Optimizing sparse matrix vector multiplication on emerging multicores

After hitting the power wall, the dramatic change in computer architecture from single core to multicore/manycore brings us new challenges on high performance computing, especially for the data intensive applications. Sparse matrix-vector multiplication (SpMV) is one of the most important computations in this area, and has therefore received a lot of attention in recent decades. In contrast to the uniform/regular dense matrix computations, SpMV's irregular data access patterns with compact data structure for storage make the SpMV optimization more complex than optimizing regular/dense matrix computation.
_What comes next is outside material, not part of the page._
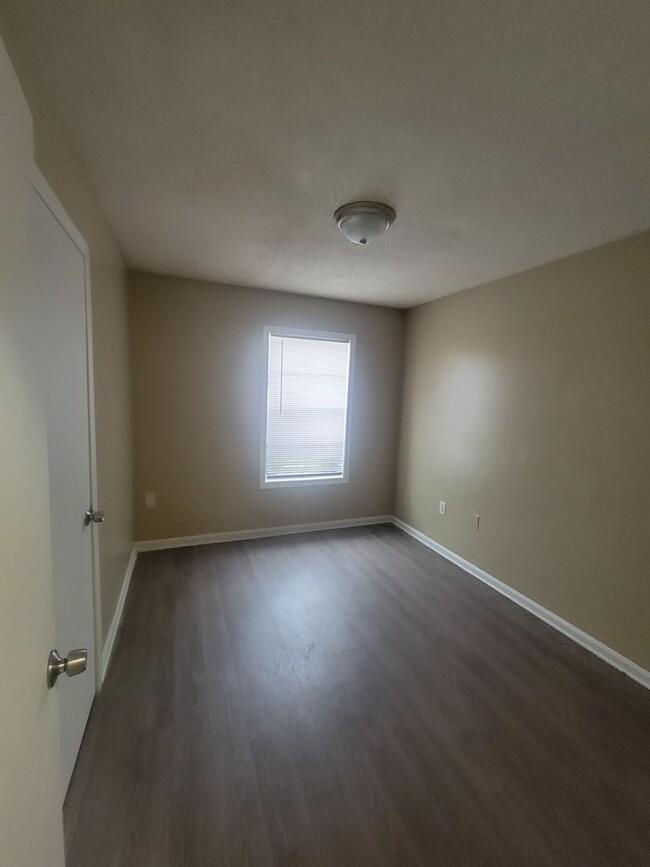Building Photo - 4 Success is offering this 3 bedroom 1 bat...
In this work, we look at the SpMV optimization problem in the context of emerging multicores from a different architecture conscious perspective, and propose an optimization strategy that has three key components: mapping, scheduling and data layout reorganization. Specifically, the mapping component derives a suitable iteration-to-core mapping; the scheduling component determines the execution order of loop iterations assigned to each core in the target multicore architecture; and finally, the data layout reorganization component prepares multiple memory layouts for the source (input) vector customized for different row patterns. A distinguishing characteristic of our approach is that it is cache hierarchy aware, that is, all three components take the underlying cache hierarchy of the target multicore architecture into account, and therefore, the derived solution is, in a sense, customized to the target architecture. We evaluate the proposed strategy using 10 sparse matrices with two different multicore systems. Our experimental evaluation reveals that the proposed optimization algorithm brings significant performance improvements (up to 26.5%) over the unoptimized case.